Mr. Experience

Donny Benét

Dot Dash Recordings – 2020
par Jeff, le 3 juin 2020
6

On a tous des moments « mais que sont-ils devenus ? ». Et le retour des beaux jours est l’occasion de se demander ce que devient Chromeo, duo disco-funk canadien avec un gros faible pour la synth-pop et une certaine idée de la variétoche 80’s. C’est lui qui a été la caution fraîcheur de notre été 2007 avec Fancy Footwork et ses tubes en pagaille. Nous sommes 13 ans plus tard, et si Chromeo a disparu des radars, il continue de sortir des disques dont tout le monde semble se foutre – même les présences de A-Trak ou Raphael Saadiq n’ont pas empêché Head Over Heels de traverser l’été 2018 à la façon d’un souffre-douleur qui longe les murs de l’école.

2018, c’est aussi l'année où l’on a fait ici la connaissance de Donny Benét, improbable crooner qui, s’il partage avec Chromeo énormément de référents culturels, va puiser ailleurs son pouvoir d’attraction anormalement phénoménal. Car pour celles et ceux qui ne connaîtraient pas l’Australien, c’est bien sa bouille qui occupe la pochette. Et le corps et le look sont à l’avenant.
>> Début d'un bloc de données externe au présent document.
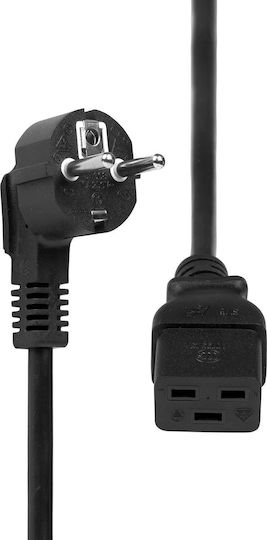 Proxtend Proxtend Schuko Power Cable Angled to C19 1m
Donny Benét s’est ainsi donné pour objectif de nous séduire avec son personnage de dragueur qui propage dans des bars interlopes des volutes de Drakkar Noir, entrecoupant deux gorgées de Cinzano de one liners malaisants façon « Tu t’appelles Google ? Parce que tu es tout ce que je recherche ». Une tactique qui, contre toute attente, a marché du tonnerre sur The Don en 2018, et fonctionne encore plutôt bien sur Mr. Experience.

Il faut d’emblée souligner que si Donny Benét jouit d’un tel succès, c’est évidemment à la faveur du personnage qu’il incarne à tous les instants, mais aussi grâce à un talent certain pour pondre des titres extrêmement accrocheurs, qui nous mettent dans des états pas possibles, et flirtent toujours avec le mauvais goût sans jamais y être associé. Pourtant, entre les claviers poussiéreux, les solos de saxo qui sentent bon la brillantine, les hymnes pour cours d’aérobic, et les ballades bien mielleuses, on a parfois l'impression que Donny Benét ne se prive pas pour se mettre des bâtons dans les roues. Et c’est peut-être ce qui empêche Mr. Experience de taper dans le mile comme l’avait fait The Don en 2018.

À trop soigner sa formule, à trop chercher cette perfection qui semblait si naturelle sur son précédent album, Donny Benét lève un mur entre lui et son public, qu’il faudra déconstruire au fil d’écoutes qui révèleront notamment la justesse mélodique d’un disque qui ne manque pas de refrains qui vous colonisent le crâne –  « Moving On Up » ou « Girl of my Dreams », sur des tempos diamétralement opposés, en sont de bonnes illustrations. Mais à trop vouloir maîtriser son sujet, il se rapproche parfois dangereusement du pastiche ou de la caricature – passée le crush initial, on oublie vite des titres comme « Negroni Summer » ou « Second Dinner ».

Secrètement, on espérait que Mr. Experience soit notre plaisir absolument pas coupable de l’été 2020, celui qui emporte enfin les foules et légitime notre envie absolument pas légitime de porter des blazers saumons en écoutant du Falco ou du Pino D’Angio. Ce n’est que partie remise.